The sandstorms that had plagued the invasion taskforce left a
heavy residue of dust in every moving part of every machine and
weapon, settled in the corners of eyes and the folds of skin,
and insinuated itself between clothing and skin. The frantic
movement schedules and the sand undermined mechanical maintenance,
troop comfort, and attentiveness.
Lynch's unit was supporting the 3rd Mechanized
Infantry Division, the main combat force aimed ultimately at
Baghdad. The 507th was not a combat unit and they never anticipated
combat. The intelligence summaries issued by Central Command
(CENTCOM), still reflecting the triumphalist expectations of
Donald Rumsfeld and the optimistic predictions of Rumsfeld's
con-man advisor Ahmad Chalabi, said that Iraqi soldiers would
surrender on sight. The U.S. troops were directed that Iraqi
soldiers were to be allowed to keep their weapons, presumably
so their own officers could control them.

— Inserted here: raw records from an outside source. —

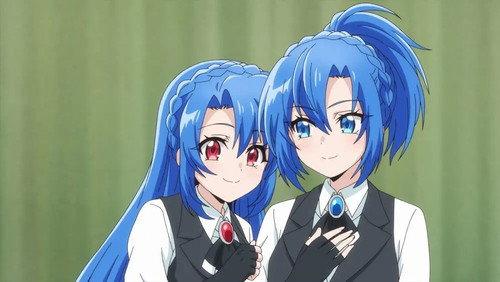 The Strongest Tank's Labyrinth Raids -A Tank with a Rare 9999 Resistance Skill Got Kicked from the Hero's Party- Season 1 Episode 5 - Self-indulgence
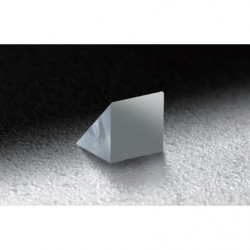 Knife Edge Right Angle Prisms with Coating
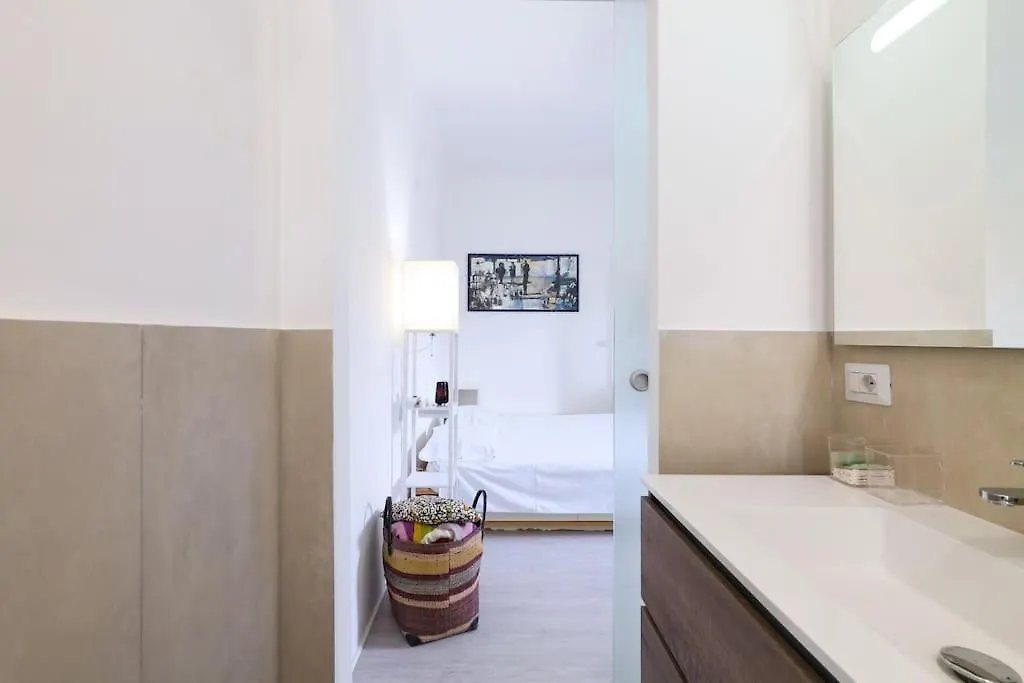 Cozy Milan Style Apartment Nolo-Stazione Centrale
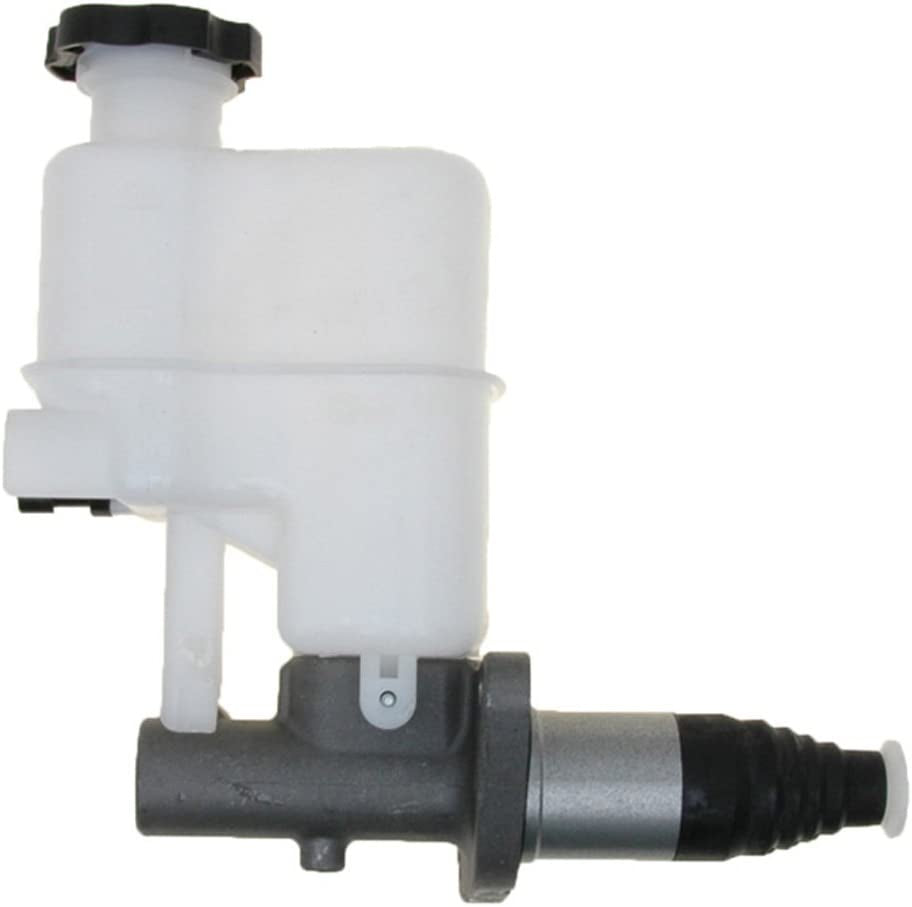 MC391186 Professional Grade Brake Master Cylinder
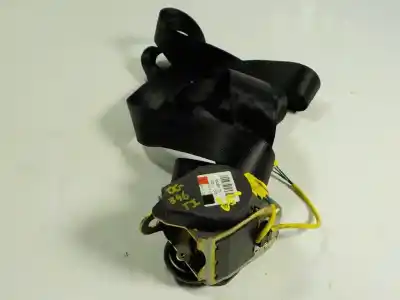 Second-hand car spare part rear left seat belt for porsche cayenne (typ 9pa) 4.5 v8 cat oem iam references 95580305100hcp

The convoy went non-stop for a grueling
48 hours, using their blackout-drive infrared headlights and
night vision goggles during darkness. They were gritty-eyed,
nodding, and exhausted. Lynch's truck, like many others, casualties
of the sandstorms and the schedules, died and was hitched to
a giant recovery vehicle. She was put aboard her company first
sergeant's Humvee, where she could nod off fitfully while the
bleary-eyed driver, another young woman named Lori Pietsewa,
fought sleep behind the wheel.
As they approached the outskirts of Nasiriyah
on March 23, where units were now channeled along narrower roads
and convoys achieved a degree of separation. The sun was not
yet up when the first sergeant's Humvee, leading the 507th convoy,
encountered a U.S. traffic control checkpoint at the intersection
of Highway 1, their main avenue of advance, and Highway 7 that
went due north toward the center of Nasiriyah.

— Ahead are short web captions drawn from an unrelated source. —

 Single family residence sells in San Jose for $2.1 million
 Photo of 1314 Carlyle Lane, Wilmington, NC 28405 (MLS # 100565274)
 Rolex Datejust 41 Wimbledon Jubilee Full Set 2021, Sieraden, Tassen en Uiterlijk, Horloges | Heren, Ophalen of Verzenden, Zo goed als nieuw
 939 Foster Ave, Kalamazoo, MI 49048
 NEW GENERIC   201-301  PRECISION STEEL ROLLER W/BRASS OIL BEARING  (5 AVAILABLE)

No one has established exactly who was
working on that checkpoint, or what their communications had
been, or how exhausted they might have been. It was dark. They
were stupefied with fatigue. The first sergeant and the 507th
company commander, Captain Troy King, had GPS navigation systems.
They claim they had no maps as backups
for when these hi-tech gadgets lied or failed. But the truth
is no one in the 507th expected that there would be any need
to actually navigate. They were part of a growling river of northbound
steel and diesel, and these checkpoints were there to direct
them as compliant traffic.
Pietsewa and the first sergeant, Robert
Dowdy, looked at some nameless military policeman, and he raised
his hand toward Highway 7, directing Jessica Lynch into a future
of terror, dislocation, huckster iconography, and racialized
patriarchal culture war.
The sun rose over the 507th creeping
steadily along Highway 7, its addled leadership now making excuses
for discrepancies in the GPS systems. No military leader likes
to admit when a mistake has been made, especially when they are
still unsure whether it's been made or not. They are like the
proud father at the wheel of the family car not yet prepared
to admit that he is lost. Surely, that day, as the 507th passed
through not army but Marine units, the doubt went deeper. But
they were traveling generally north. They hadn't crossed the
Euphrates, which was there like a great geographical backstop.
The commander bit back his self-doubt while he tried to puzzle
out the contradictions between his GPS readings and an operations
order that was jumbled in his sleep-deprived brain, and continued
on.
In the morning light, they found themselves
driving into Nasiriyah with 33 sleep-starved support troops and
16 vehicles. Rising up around them were buildings where most
people were apparently still abed. Then before them was a bridge.
They crossed over it, but after a couple
of miles they realized that they had crossed the Euphrates River.
Iraqis began to appear on the streets. Captain King then ordered
them to turn the convoy around. They were definitely in the wrong
place.
Vehicle traffic began to clutter the
streets as the convoy went through the clumsy business of turning
16 military vehicles about in the tight thoroughfares of downtown
Nasiriyah.
There were Iraqis carrying weapons.
They began to pass actual manned Iraqi
tanks.
Looks were exchanged.
But the CENTCOM intelligence summary
had said the Iraqis would either be friendly or they would surrender,
and the 507th was not a combat unit. Their greatest desire now
was to be back in the company of a real combat unit. Adrenaline
began to make headway against their deep muscular fatigue.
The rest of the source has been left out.